▼▼▼
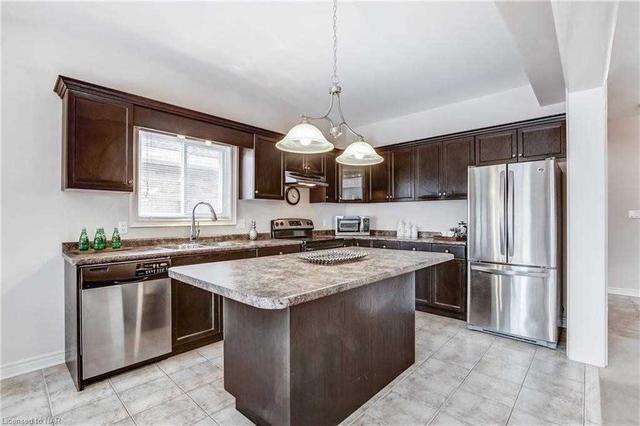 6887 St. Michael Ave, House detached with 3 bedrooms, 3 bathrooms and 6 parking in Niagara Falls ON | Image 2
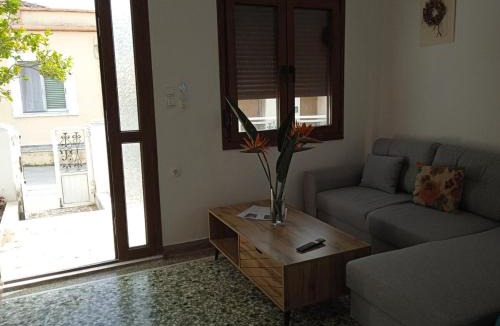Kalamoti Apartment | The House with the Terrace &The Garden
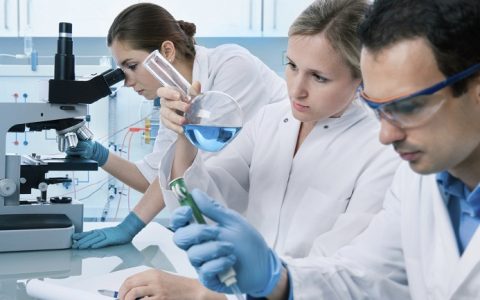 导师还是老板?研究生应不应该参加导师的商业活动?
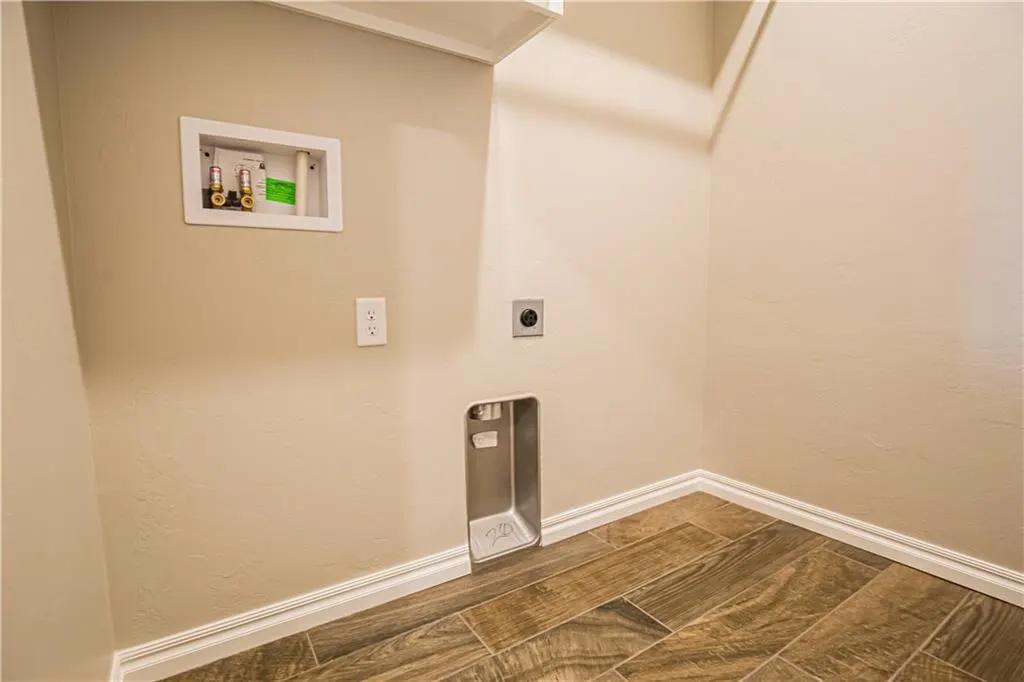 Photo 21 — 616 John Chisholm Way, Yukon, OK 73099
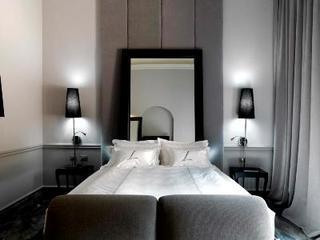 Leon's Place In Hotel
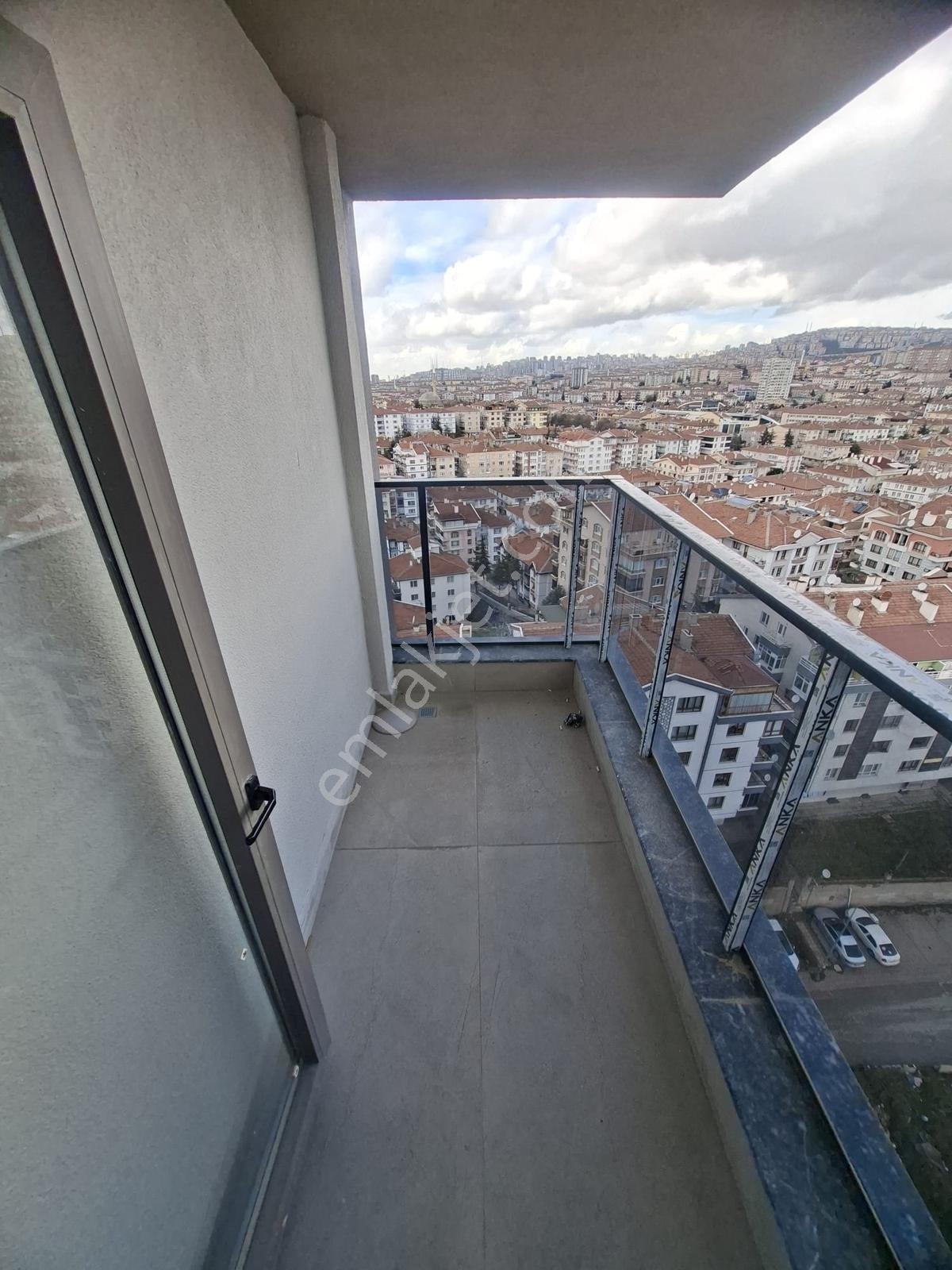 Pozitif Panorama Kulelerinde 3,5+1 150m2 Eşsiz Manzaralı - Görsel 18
▲▲▲
▼▼▼
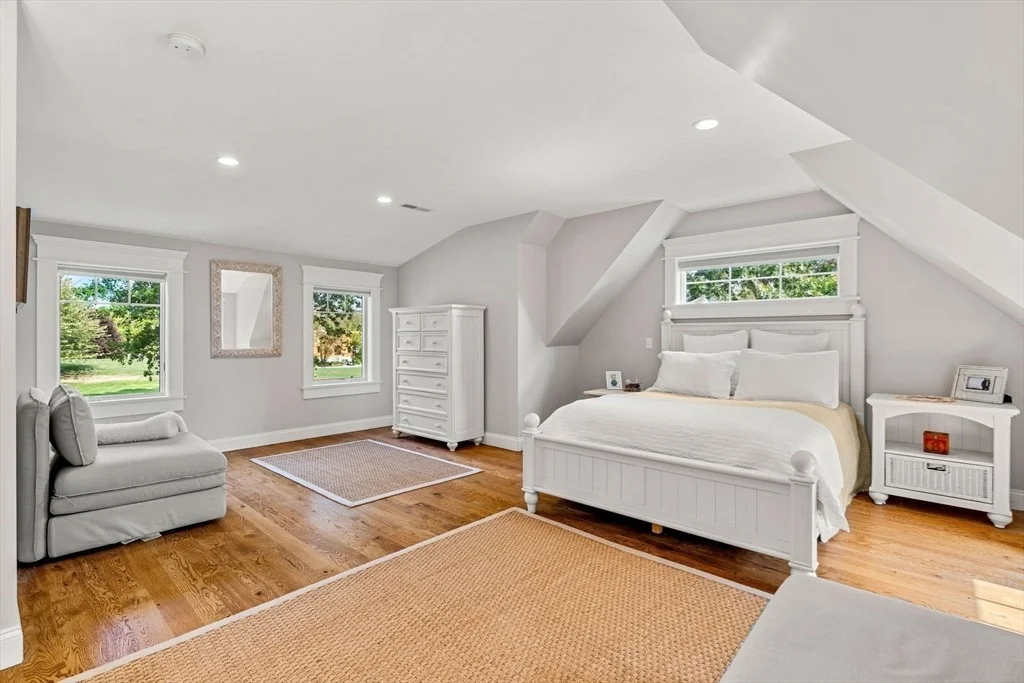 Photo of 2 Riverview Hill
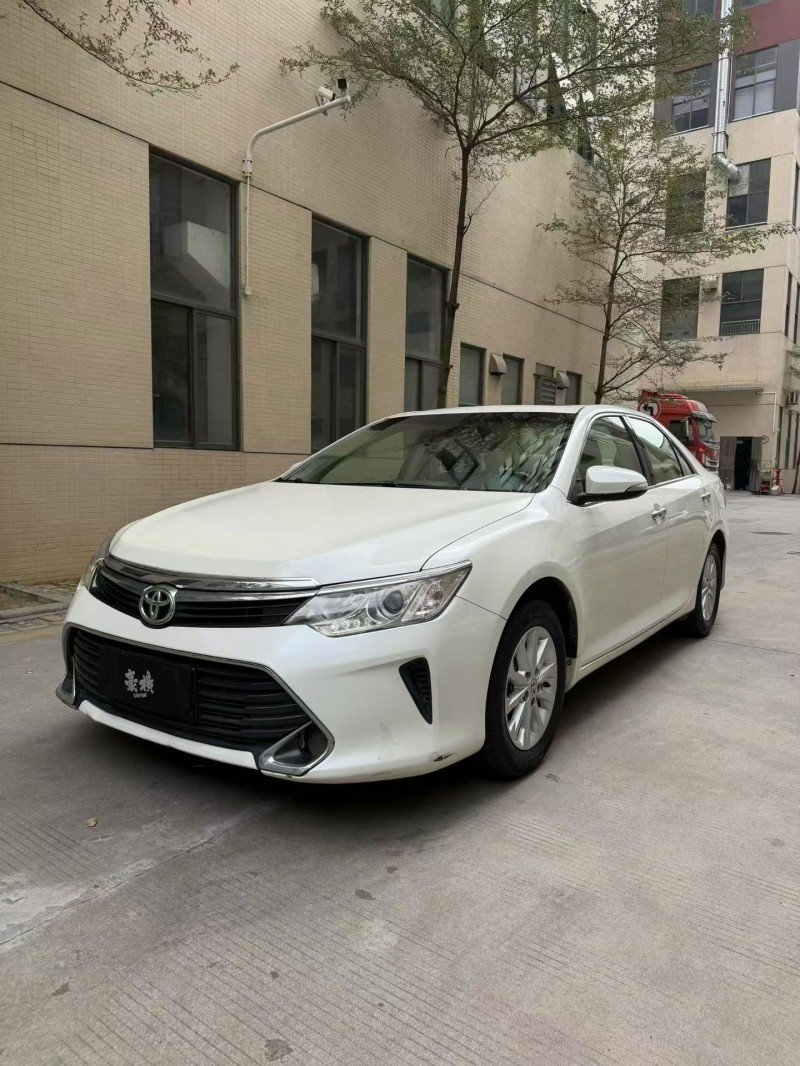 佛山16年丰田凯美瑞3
▲▲▲
▼▼▼
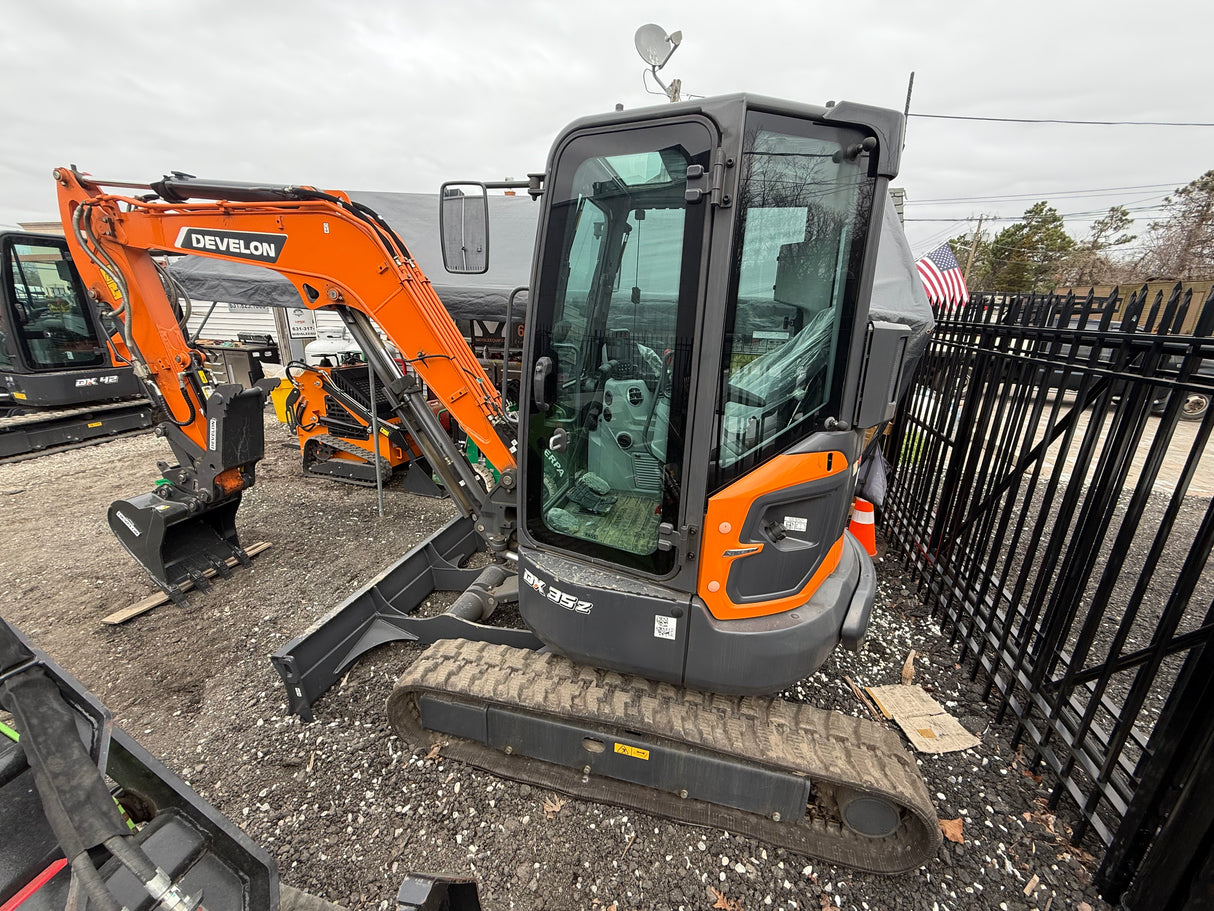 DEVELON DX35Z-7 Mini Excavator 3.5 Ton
▲▲▲
**What you are asked to do:** From the data above, return exactly the lines from the one with "6887 St. Michael" up to and including the one with "Leon's Place In Hotel". Pictures do not go in the copy.

**Result of this task:**
 6887 St. Michael Ave, House detached with 3 bedrooms, 3 bathrooms and 6 parking in Niagara Falls ON | Image 2
Kalamoti Apartment | The House with the Terrace &The Garden
 导师还是老板?研究生应不应该参加导师的商业活动?
 Photo 21 — 616 John Chisholm Way, Yukon, OK 73099
 Leon's Place In Hotel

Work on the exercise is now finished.